University of Notre Dame
Department of Economics
3033 Jenkins Nanovic Hall
Notre Dame, IN 46556
“The Expectations-Driven Financial Accelerator” with Antonio Falato, October 2019.
This paper develops a unified quantitative account of credit cycles and their macroeconomic consequences based on information frictions in debt markets. Using a dynamic model with endogenous default, we highlight a novel “herding” mechanism whereby uninformed debt investors learn about firms’ creditworthiness from publicly-available survey information on quarter-ahead corporate profits. We show that: 1) short-term changes in expectations of corporate profits strongly forecast credit spreads and real economic aggregates over up to two years horizons; 2) credit spreads and defaults are counter-cyclical; 3) the mechanism can account quantitatively for the historically large spike in spreads during the financial crisis.
“Borrowing to Save and Investment Dynamics“, December 2018. (New version soon)
Existing literature on financial frictions argue that firms reduce investment in a crisis due to a lack of credit. However, U.S. public firms, which together accounted for 89 percent of the decline in investment during the Great Recession, experienced no drop in borrowing. Instead of investing, they borrowed to expand their stock of safe assets; that is, they borrowed to save. I model borrowing to save as an optimal portfolio choice when firms face gradually resolving uncertainty. In a quantitative general equilibrium model with heterogeneous firms, I show that this mechanism can simultaneously generate a sharp downturn and a slow recovery.
Work in Progress
“Biased Bank Expectations: Micro Evidence and Macro Consequences” with Antonio Falato. (Working paper soon)

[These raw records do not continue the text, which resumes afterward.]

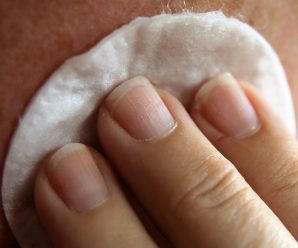 4 Great Essential Oils for Skin Tags | Get Rid of Skin Tags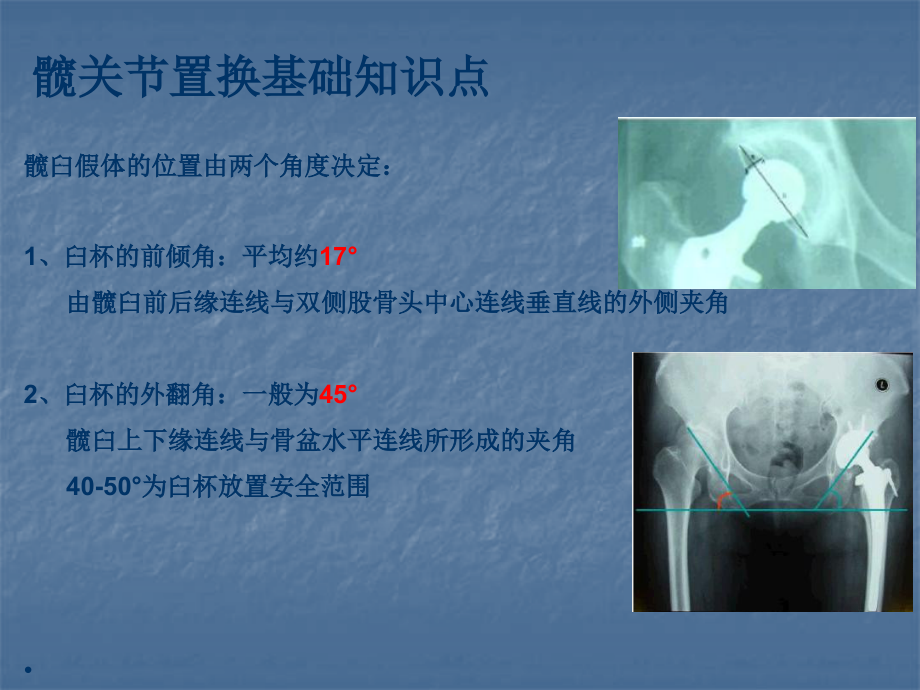 人工髋关节置换基础知识点PPT医学.pptx_第2页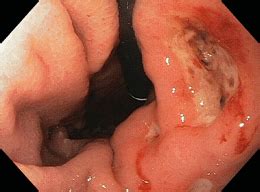 Stomach Ulcer Ultrasound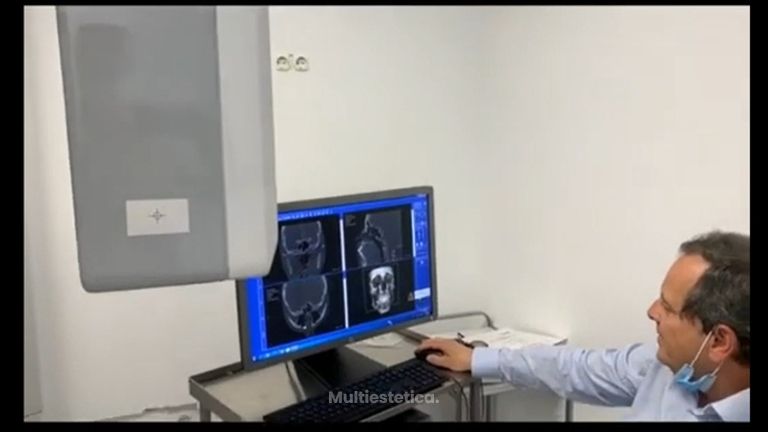 Cirugía ortognática - Dr. Antonio Vázquez Rodríguez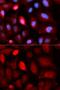 PDZ and LIM domain protein 5 antibody, GTX54578, GeneTex, Immunocytochemistry image 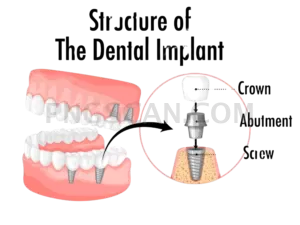Dental Implant #318 cutout from Dental Implant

We examine banks’ expectations about the future performance of their loan portfolios, how they are formed and whether they matter for lending decisions. We construct a novel micro dataset on bank expectations using bank-level responses to a set of special questions in the Senior Loan Officer Opinion Survey on Bank Lending Practices for an annual panel of about one hundred U.S. banks between 2006 and 2019. Our first contribution is to document stylized facts on banks’ expectations and behavioral biases, as measured by the systematic forecast errors made by the banks. Our second contribution is to quantify the macroeconomic implications of the forecasting bias, by developing a dynamic equilibrium model with distorted bank expectations.